I compare the solution at the end with the CPU, and HERE I put everywhere I can a syncthread around only to be safe, for the start! (this code does gauss seidel stuff)
but it does not work at all without the THREAD_FENCE at the END or at the BEGINNIG where it does not make sense...
Sorry for so much code, but probably you can guess where the problem comes, frome because I am bit at my end, with explainig why this happens?
We checked the algorithm several times, there is no memory error (reported from Nsight) or
other stuff, every thing works fine... Kernel A is launched with ONE Block only!
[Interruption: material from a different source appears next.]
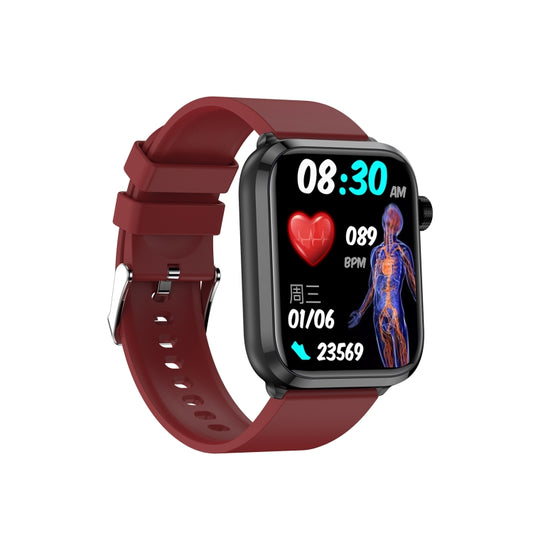 ET210 1.91 inch IPS Screen IP67 Waterproof Silicone Band Smart Watch, Support Body Temperature Monitoring / ECG (Red) by bashfashion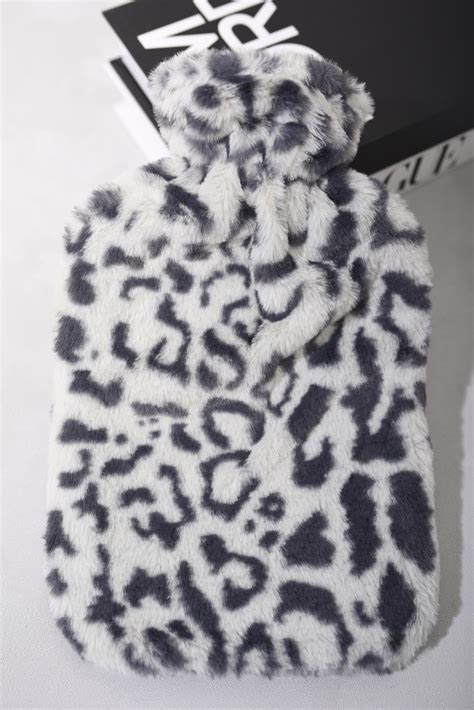Grey Black Ivy Faux Fur Hot Water Bottle Ikrush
If you launch the successive instances of the kernel into the same stream, each kernel launch is synchronous compared to the kernel instance before and after it. The programming model guarantees it. CUDA only permits simultaneous kernel execution on kernels launched into different streams of the same context, and even then overlapping kernel execution only happens if the scheduler determines that sufficient resources are available to do so.
Neither __threadfence nor __syncthreads will have the effect you seem to be thinking about - __threadfence works only at the scope of all active threads and __syncthreads is an intra-block barrier operation. If you really want kernel to kernel synchronization, you need to use one of the host side synchronization calls, like cudaThreadSynchronize (pre CUDA 4.0) or cudaDeviceSynchronize (cuda 4.0 and later), or the per-stream equivalent if you are using streams.
While I am a bit surprised by what you are experiencing, I believe your explanation may be correct.
Writes to global memory, with an exception of atomic functions, are not guaranteed to be immediately visible by other threads (from the same, or from different blocks). By putting __threadfence() you halt the current thread until the writes are in fact visible. This might be important in particular when you are using global memory with a cache (the Fermi series).
One thing to note: Kernel calls are asynchronous. While your first kernel call is being handled by the GPU, the host may issue another call. The next kernel will not run in parallel with your current one, but will launch as soon as the current one finishes, esentially hiding the latency caused by the CPU->GPU communication.
Using cudaThreadSynchronise halts the host thread until all the CUDA tasks are done. It may help you, but it will also prevent you from hiding the CPU->GPU communication latency. Do note, that using synchronous memory access (e.g. cudaMemcpy, without "Async" suffix) esentially behaves like cudaThreadSynchronise too.